Tuesday, September 4, 2007

Drunken Risotto with Grilled Chicken

Drunken Risotto with Grilled Chicken
Serves: 4

Ingredients
1 tbsp balsamic vinegar
1 tbsp Worcestershire sauce
¼ cup plus 1 tbsp extra-virgin olive oil (EVOO)
1 tbsp grill seasoning, (McCormick Montreal Steak Seasoning)
6 skinless, boneless chicken thighs (about 1 ½ pounds total)
1 oz dried porcini mushrooms
4 cups chicken broth
1 med onion, finely chopped
Salt and freshly ground pepper
1 ½ cups arborio rice
2 cups Barolo (dry Italian) red wine (two-thirds of a bottle)
2 tablespoons finely chopped fresh rosemary (about 4 sprigs)
2 tablespoons cold unsalted butter, cut into small pieces
1 cup freshly grated Parmigiano-Reggiano or Pecorino
Romano cheese (a few generous handfuls)
2 cups arugula, shredded
2 cups baby spinach, shredded

Directions
1. Preheat a grill or a grill pan to medium-high. In a shallow dish, combine the balsamic vinegar, Worcester shire sauce, 3 tbsp of EVOO, and the grill seasoning.
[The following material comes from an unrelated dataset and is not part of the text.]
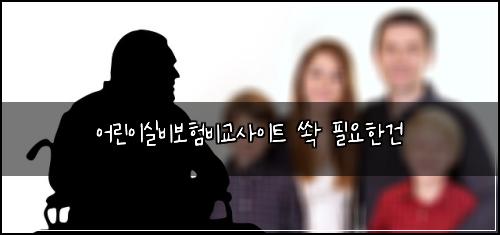 어린이실비보험비교사이트 쏵 필요한건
Add the chicken thighs and turn to coat evenly with the marinade.

2. In a small saucepan, heat the dried mushrooms and chicken broth over medium-low heat.
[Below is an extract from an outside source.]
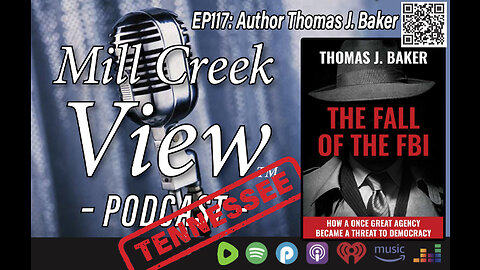 Mill Creek View Tennessee Podcast EP117 Author Thomas Baker Interview & More 7 13 23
3. In a large skillet, heat the remaining EVOO. Add the onion, season with salt and pepper, and cook for a couple of minutes to soften. Add the rice, stir to coat and cook for 1 min. Add half of the wine. When it has been absorbed by the rice, stir in the remaining wine and the rosemary. When all of the wine is absorbed, ladle in some of the mushroom broth.
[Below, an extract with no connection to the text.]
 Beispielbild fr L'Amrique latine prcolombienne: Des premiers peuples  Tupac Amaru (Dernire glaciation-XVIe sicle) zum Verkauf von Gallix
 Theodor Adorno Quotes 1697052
4. Place the marinated chicken thighs on the grill and cook for 7 to 8 min on the first side and for 5 to 6 min on the reverse side.

5. Add a ladle of the mushroom broth to the risotto every few minutes, stirring occasionally and cooking until absorbed. Remove the softened mushrooms from the broth and chop, add to the risotto. Cook the risotto until creamy and al dente, about 20 to 22 min. Remove from heat, stir in the butter and cheese.

6. Thinly slice the grilled chicken. Divide the risotto among shallow bowls and top each serving with the arugula, spinach, and sliced chicken.